Laudo do Instituto de Criminalística (IC) de São Paulo aponta que o caminhão que colidiu com a aeronave estava a aproximadamente 40 km/h no instante da batida. O veículo havia acabado de sair da praça de pedágio do Rodoanel em direção à Rodovia Anhanguera.

Apesar disso, policiais que participam da investigação informaram que as provas do inquérito indicam até agora que o acidente não foi criminoso.

Diante disso, não há como a polícia criminalizar o motorista do caminhão pela batida e, muito menos, pelas mortes já que ele foi surpreendido pela aeronave.

Aeronáutica
“Está em andamento a investigação do acidente envolvendo a aeronave de matrícula PT-HPG, ocorrido no dia 11 de fevereiro de 2019, em São Paulo (SP). O objetivo da investigação realizada pelo Centro de Investigação e Prevenção de Acidentes Aeronáuticos (CENIPA) é prevenir que novos acidentes com características semelhantes ocorram”, informa nota da Aeronáutica. “A necessidade de descobrir todos os fatores contribuintes garante a liberdade de tempo para a investigação. A conclusão de qualquer investigação conduzida pelo CENIPA terá o menor prazo possível, dependendo sempre da complexidade do acidente.”

A Aeronáutica emitirá recomendações de segurança para evitar que novos acidentes como este ocorram com esse tipo de helicóptero – entre elas a respeito do transporte ilegal de passageiros. Isso porque a empresa responsável pela aeronave, a RQ Serviços Aéreos Especializados Ltda e o helicóptero que caiu, não tinham autorização da Agência Nacional de Aviação Civil (Anac) para transportar pessoas mediante cobrança (a prática é conhecida como táxi-aéreo irregular).

O piloto que morreu no acidente era dono da empresa e do helicóptero. Logo após a tragédia, a Anac suspendeu as operações da RQ Serviços, alegando indícios da prática ilegal.

Segurança
“A Polícia Civil informa que o inquérito policial segue em andamento pelo 46º DP, em segredo de Justiça”, informa nota da assessoria de imprensa da Secretaria da Segurança Pública.

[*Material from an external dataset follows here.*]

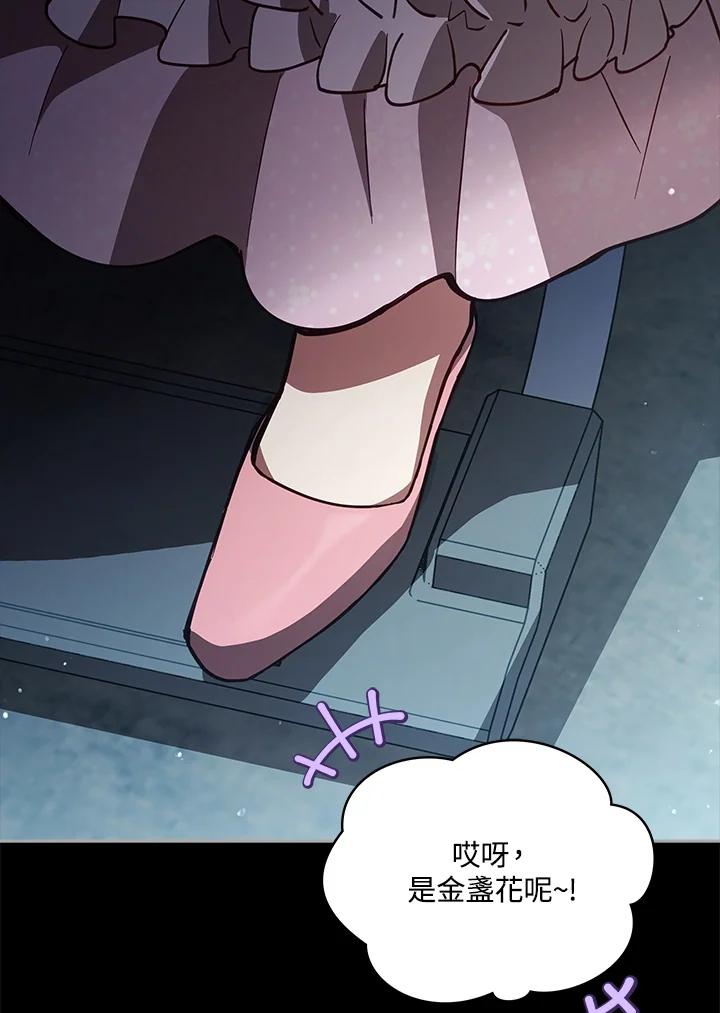 《不可接近的女士》第66话 第48页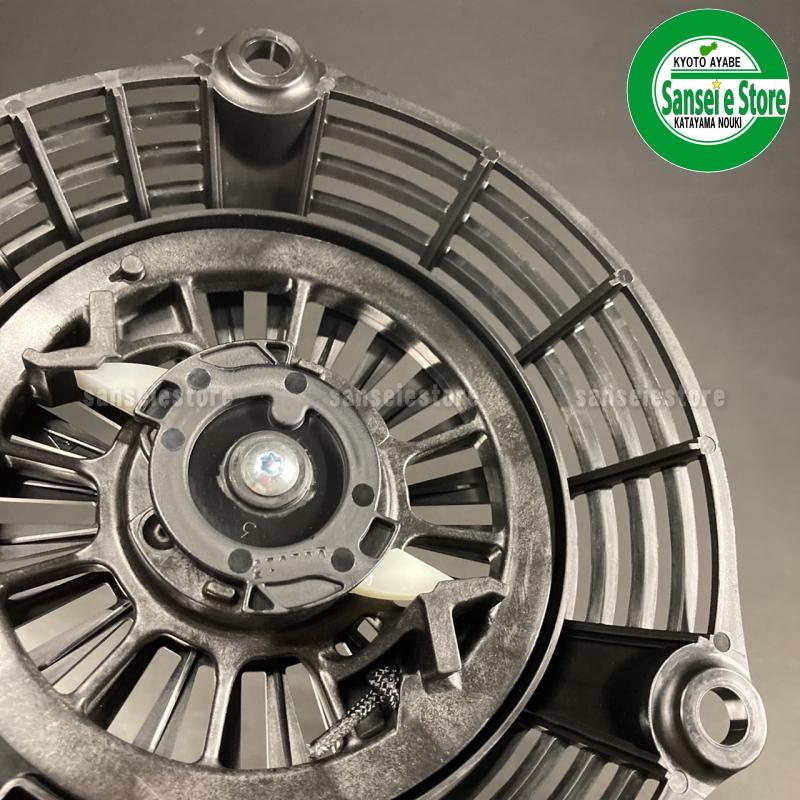ホンダ ミニ耕うん機 サラダFF500用 リコイル スターターASSY ホンダ ミニ耕うん機 サラダFF500用 リコイル スターターASSY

Laudo do Núcleo de Engenharia da Polícia Técnico-Científica do Instituto de Criminalística de São Paulo aponta que o caminhão estava a aproximadamente 40 km/h no momento da batida, dentro do limite de velocidade permitido para a via. O laudo foi feito com base no tacógrafo do caminhão conduzido pelo motorista João Adroaldo Tomackeves, que sobreviveu à colisão e teve ferimentos leves.

Em 2019, dois meses após a tragédia, a investigação trabalhava com a possibilidade de que o acidente “foi uma fatalidade”. Se ao fim do inquérito a conclusão da polícia for essa, não há como criminalizar o motorista do caminhão pela batida e, muito menos, pelas mortes.

Tomackeves não foi localizado para comentar o assunto. Quando prestou depoimento na delegacia, o motorista, que não dirigia sob efeito de álcool, se referiu ao acidente da seguinte maneira: “Do nada, cai uma coisa lá do céu em cima na tua cabeça.”

Perfil
Ricardo Boechat ganhou três vezes o Prêmio Esso, um dos mais prestigiosos do jornalismo brasileiro, e atuou em alguns dos principais veículos e canais do país. Desde 2006, apresentava o Jornal da Band. Era âncora da BandNews FM e colunista da revista “Istoé”.

Ao longo de 49 anos de carreira, que iniciou no começo da década de 1970, escreveu em jornais como “Diário de Notícias”, onde começou, “O Globo”, “Jornal do Brasil”, “O Estado de S. Paulo” e “O Dia”.

Entre 1996 e 2001, fez parte da equipe do “Bom Dia Brasil”, na TV Globo, com uma coluna diária marcada pelo humor ácido e pela irreverência. Na emissora, também esteve no “Jornal da Globo”. Foi ainda diretor de jornalismo da Band e teve passagem pelo SBT.

Boechat era o recordista de vitórias no Prêmio Comunique-se, com 17 troféus, e o único a ganhar em três categorias diferentes (Âncora de Rádio, Colunista de Notícia e Âncora de TV). Em pesquisa do site Jornalistas & Cia em 2014, que listou cem profissionais do setor, Boechat foi eleito o jornalista mais admirado.